Shipping Manifest Data Extraction: Fields and Workflow

Shipping manifest data extraction turns manifest PDFs, scans, and carrier exports into structured rows. Each row carries the shipment reference (bill of lading, manifest, or voyage number), the parties (shipper or exporter, consignee, carrier), the relevant dates and times, package counts and types, gross mass and shipping marks, the goods description and any commodity codes, and the container and seal IDs. Once those fields are in rows, the data feeds three downstream uses every logistics or AP team runs: freight invoice reconciliation, customs and AP workpaper construction, and exception flagging before billing or payment.

A note on scope, because the same words point at several different things on the search results page. This article is about extracting structured data from manifests an importer, freight forwarder, 3PL, or AP team already holds. It is not about generating a carrier close-out manifest in a shipping platform, not a customs trade-data feed, and not a template for authoring a new manifest. The reader is someone with manifest documents in hand who needs the data in Excel, CSV, JSON, an ERP, or a reconciliation workbook.

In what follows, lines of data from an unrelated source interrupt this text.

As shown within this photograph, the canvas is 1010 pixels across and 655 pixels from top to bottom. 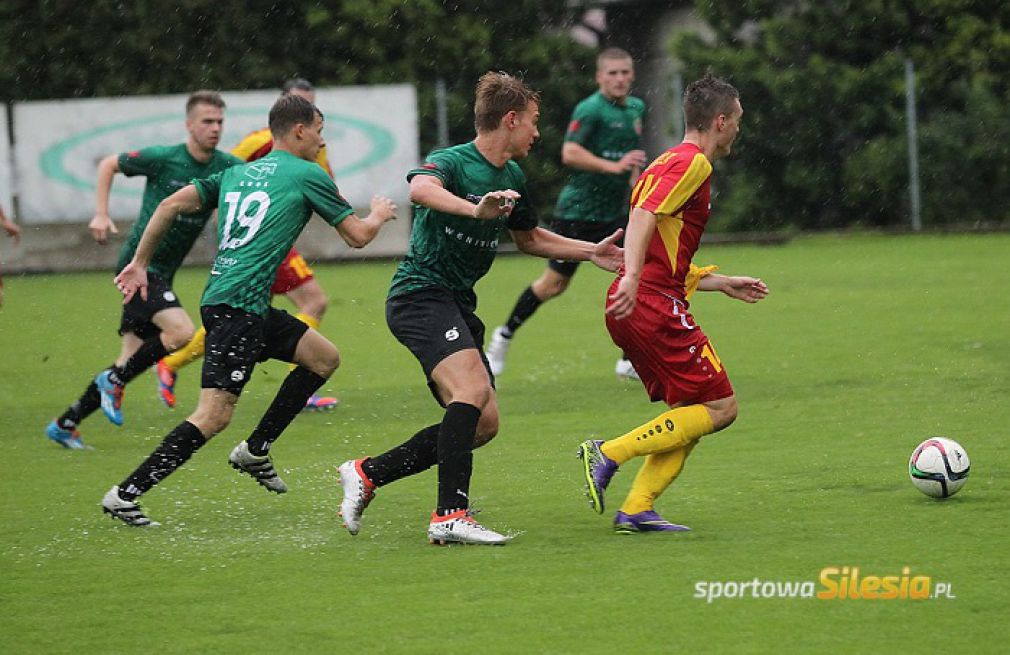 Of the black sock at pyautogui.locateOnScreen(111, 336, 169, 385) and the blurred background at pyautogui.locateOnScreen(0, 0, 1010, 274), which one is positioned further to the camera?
the blurred background at pyautogui.locateOnScreen(0, 0, 1010, 274)

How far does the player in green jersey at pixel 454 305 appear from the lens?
625cm

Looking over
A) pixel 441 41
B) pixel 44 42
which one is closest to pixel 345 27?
pixel 441 41

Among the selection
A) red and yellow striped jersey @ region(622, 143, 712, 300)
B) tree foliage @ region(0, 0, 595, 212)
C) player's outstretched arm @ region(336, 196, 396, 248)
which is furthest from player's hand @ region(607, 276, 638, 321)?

The rest of the article walks the field map first — manifest fields grouped by what an AP, customs, or operations team actually does with each group — then the four downstream uses by name, then the extraction approach that runs across carriers without a per-layout template, and finally the honest scope of what the workflow does and does not replace.

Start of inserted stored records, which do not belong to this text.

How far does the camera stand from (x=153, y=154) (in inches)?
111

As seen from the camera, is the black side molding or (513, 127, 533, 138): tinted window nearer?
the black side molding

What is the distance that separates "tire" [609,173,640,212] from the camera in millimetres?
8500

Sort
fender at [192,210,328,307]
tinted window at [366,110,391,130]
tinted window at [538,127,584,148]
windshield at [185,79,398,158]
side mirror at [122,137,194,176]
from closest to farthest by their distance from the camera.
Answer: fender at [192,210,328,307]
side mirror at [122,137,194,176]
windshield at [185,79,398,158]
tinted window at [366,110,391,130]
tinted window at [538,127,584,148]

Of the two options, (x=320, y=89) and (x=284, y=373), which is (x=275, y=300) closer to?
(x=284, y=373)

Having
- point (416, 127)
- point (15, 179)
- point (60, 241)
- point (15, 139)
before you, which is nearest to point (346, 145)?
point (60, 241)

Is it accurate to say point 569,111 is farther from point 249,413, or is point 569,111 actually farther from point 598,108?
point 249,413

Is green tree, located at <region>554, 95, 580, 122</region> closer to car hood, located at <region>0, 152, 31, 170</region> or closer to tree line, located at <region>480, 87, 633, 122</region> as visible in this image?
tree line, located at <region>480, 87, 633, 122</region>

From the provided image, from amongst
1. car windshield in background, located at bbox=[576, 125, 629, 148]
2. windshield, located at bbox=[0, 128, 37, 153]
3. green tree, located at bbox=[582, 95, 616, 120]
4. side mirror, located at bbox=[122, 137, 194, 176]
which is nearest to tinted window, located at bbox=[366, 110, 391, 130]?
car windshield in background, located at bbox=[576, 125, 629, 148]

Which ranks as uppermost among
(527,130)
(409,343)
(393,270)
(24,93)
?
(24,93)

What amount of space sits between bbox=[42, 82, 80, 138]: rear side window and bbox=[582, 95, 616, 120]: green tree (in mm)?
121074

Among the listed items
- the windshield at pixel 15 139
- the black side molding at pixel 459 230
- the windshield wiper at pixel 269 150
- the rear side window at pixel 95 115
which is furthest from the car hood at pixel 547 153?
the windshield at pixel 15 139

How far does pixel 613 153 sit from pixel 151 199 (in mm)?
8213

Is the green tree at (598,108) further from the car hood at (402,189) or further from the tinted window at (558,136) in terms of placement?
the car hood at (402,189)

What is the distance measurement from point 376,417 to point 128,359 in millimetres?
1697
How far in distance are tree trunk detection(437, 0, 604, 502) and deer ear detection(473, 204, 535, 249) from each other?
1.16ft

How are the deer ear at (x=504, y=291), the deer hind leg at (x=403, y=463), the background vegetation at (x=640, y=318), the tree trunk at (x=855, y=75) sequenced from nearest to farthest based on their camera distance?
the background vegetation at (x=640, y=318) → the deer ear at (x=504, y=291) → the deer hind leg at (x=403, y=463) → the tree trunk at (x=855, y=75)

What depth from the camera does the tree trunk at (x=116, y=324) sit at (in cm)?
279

The manifest fields that drive reconciliation

Vendor product pages tend to list manifest fields as a flat menu: consignee, weights, dimensions, BOL number, customs info. That listing is technically complete and operationally useless. Grouping the same fields by the work they do changes that. Each group then has an explicit downstream owner and a check the data supports, and the categories below are the ones an AP, customs, or operations team actually builds workpapers and audits around.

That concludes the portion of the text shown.